ENTRIES SUPPLIED Block Start

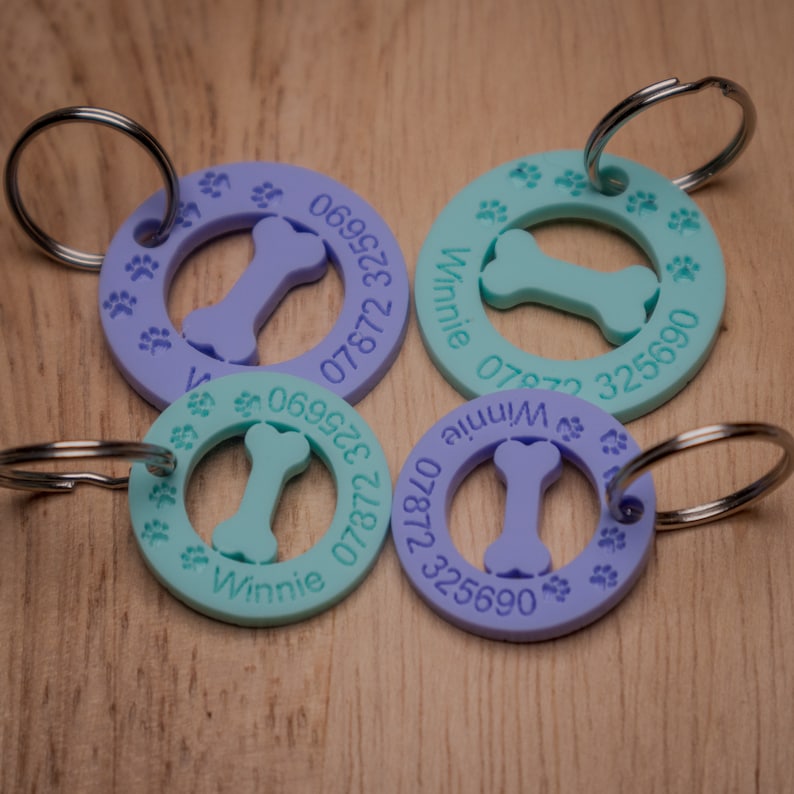 May include: Four round, purple and turquoise dog tags with a bone-shaped cutout and paw prints around the edge. The tags are engraved with the name "Winnie" and phone numbers.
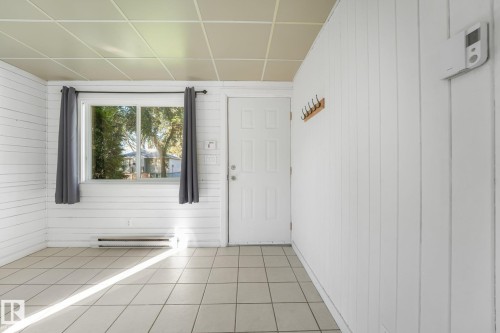 White paneled walls, tiled flooring, drop ceiling, and a functional window - 11841 71 Street Nw, Edmonton, AB 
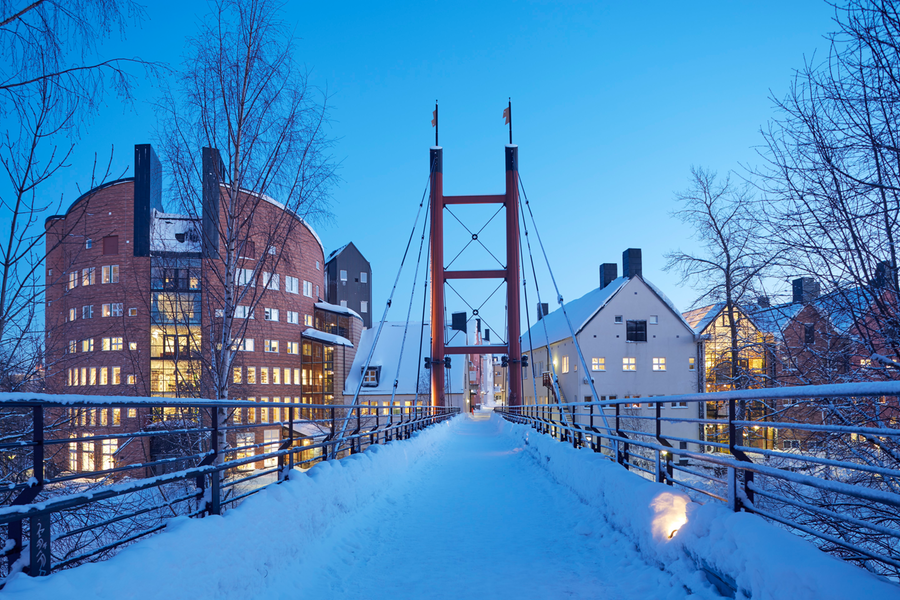 Vinterbild över en bro som leder till två stora byggnader.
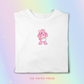 Pink retro bear graphic t-shirt with rainbow belly design on a cotton tee inspired by 90s nostalgia.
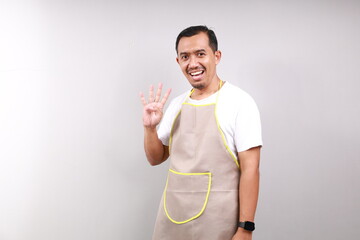 Happy Asian male housekeeper chef cook baker man wear apron showing four fingers isolated on gray...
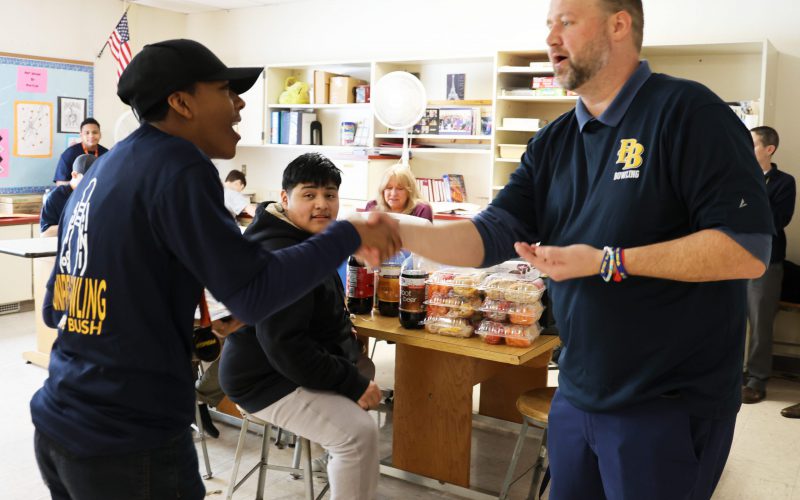 A high school boy wearing a blue baseball cap shakes hands with a man.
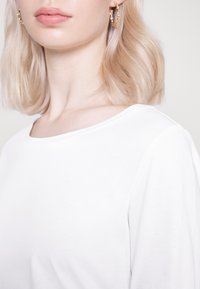 Weißes Baumwoll-T-Shirt mit weitem Ausschnitt. Kurze Ärmel zeigen einen glatten Halsausschnitt. Ergänzt durch goldene Creolen mit dekorativen Akzenten.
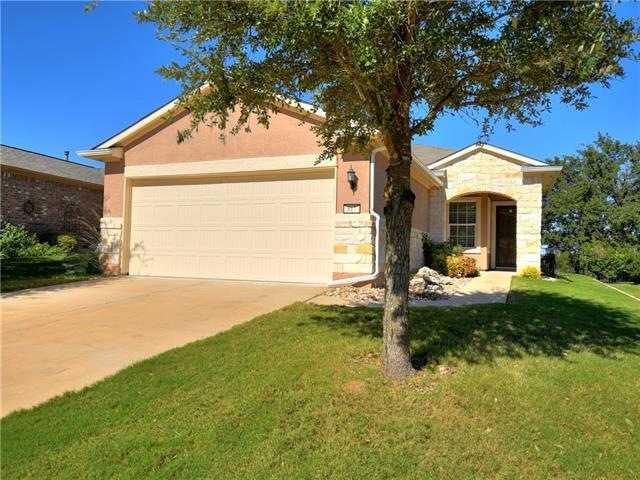 Backing to a Sun City greenbelt, this 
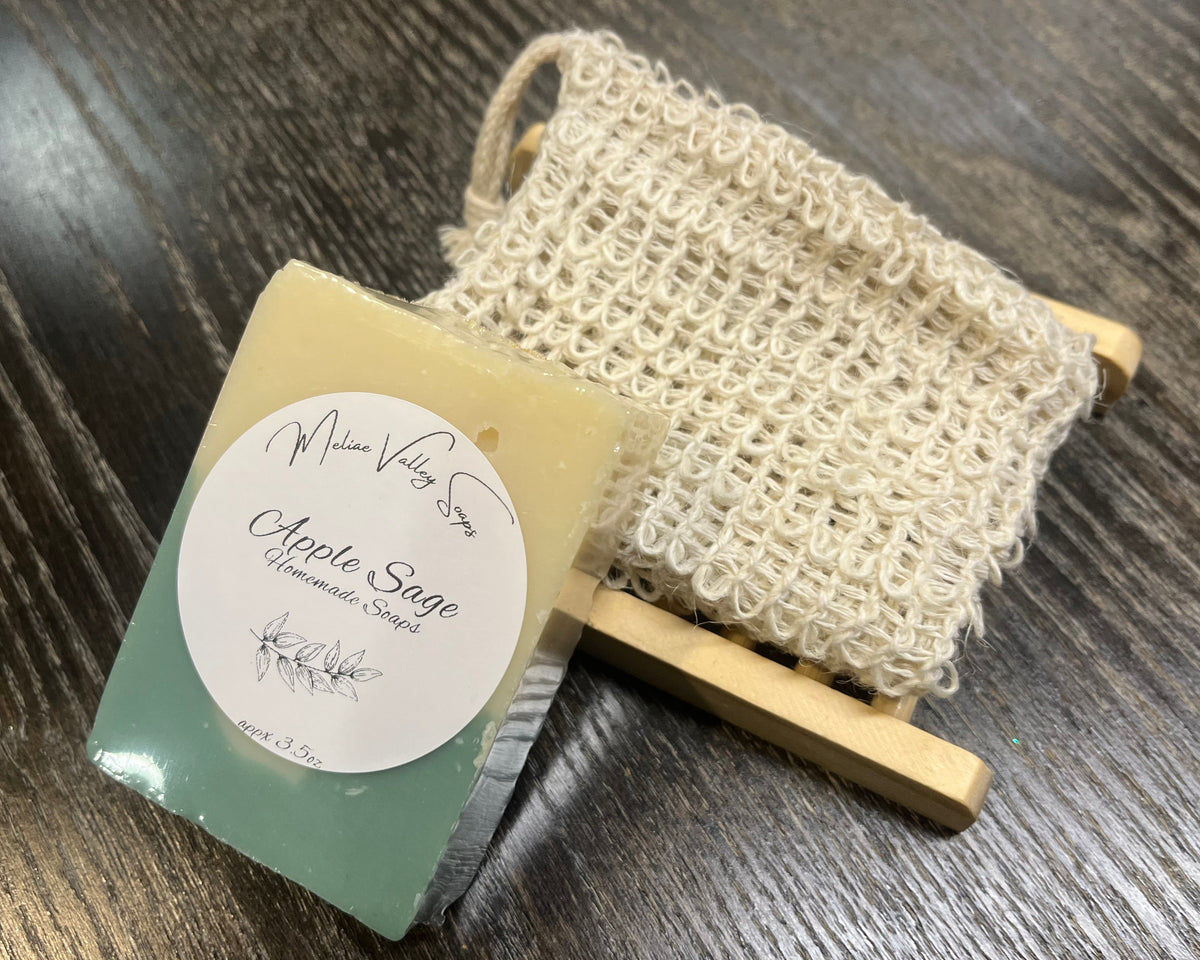 A beige and green soap bar with a white sticker leans against an exfoliating bag and a soap bar holder. 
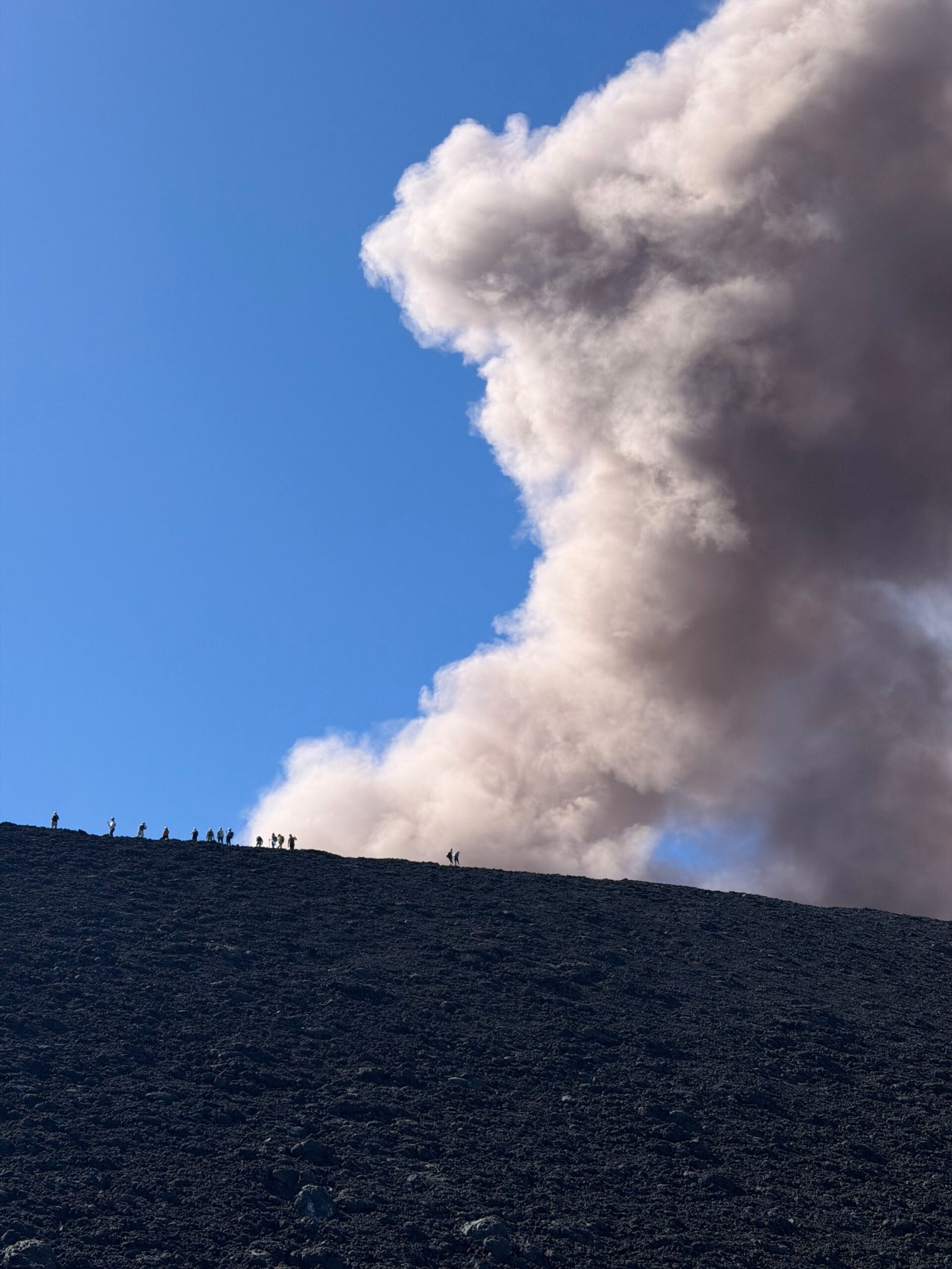 Randonneurs sur une crête dans la zone sommitale de l’Etna, sous une colonne de cendres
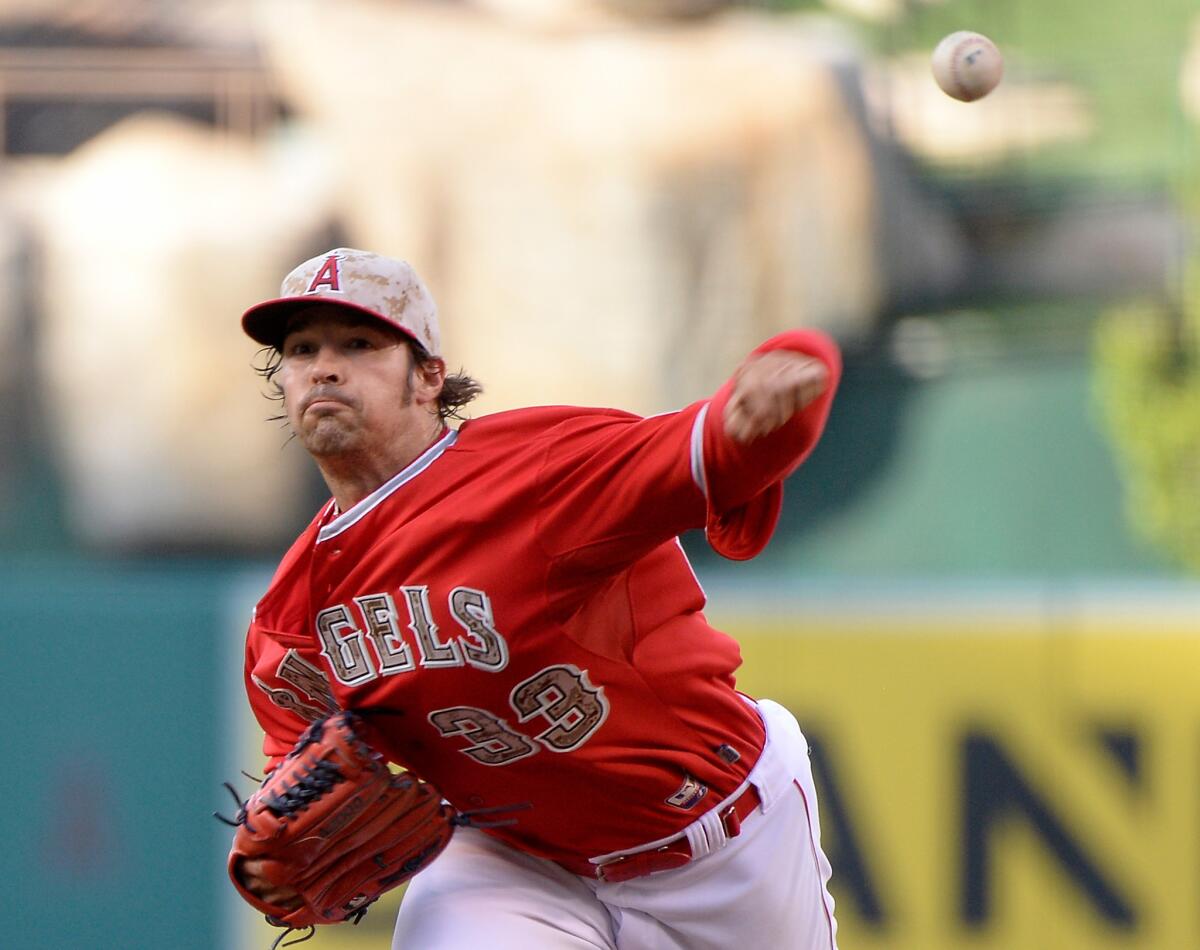 Angels pitcher C.J. Wilson threw his first complete game in more than two years, beating Tampa Bay, 6-0, on Saturday.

ENTRIES SUPPLIED Block End

- _GOAL OF THE EXERCISE_
Copy verbatim the span that opens at the line with "A high school" and closes at the final line of the listing. Do not carry over any pictures.

- _WRITTEN SOLUTION_
 A high school boy wearing a blue baseball cap shakes hands with a man.
 Weißes Baumwoll-T-Shirt mit weitem Ausschnitt. Kurze Ärmel zeigen einen glatten Halsausschnitt. Ergänzt durch goldene Creolen mit dekorativen Akzenten.
 Backing to a Sun City greenbelt, this 
 A beige and green soap bar with a white sticker leans against an exfoliating bag and a soap bar holder. 
 Randonneurs sur une crête dans la zone sommitale de l’Etna, sous une colonne de cendres
 Angels pitcher C.J. Wilson threw his first complete game in more than two years, beating Tampa Bay, 6-0, on Saturday.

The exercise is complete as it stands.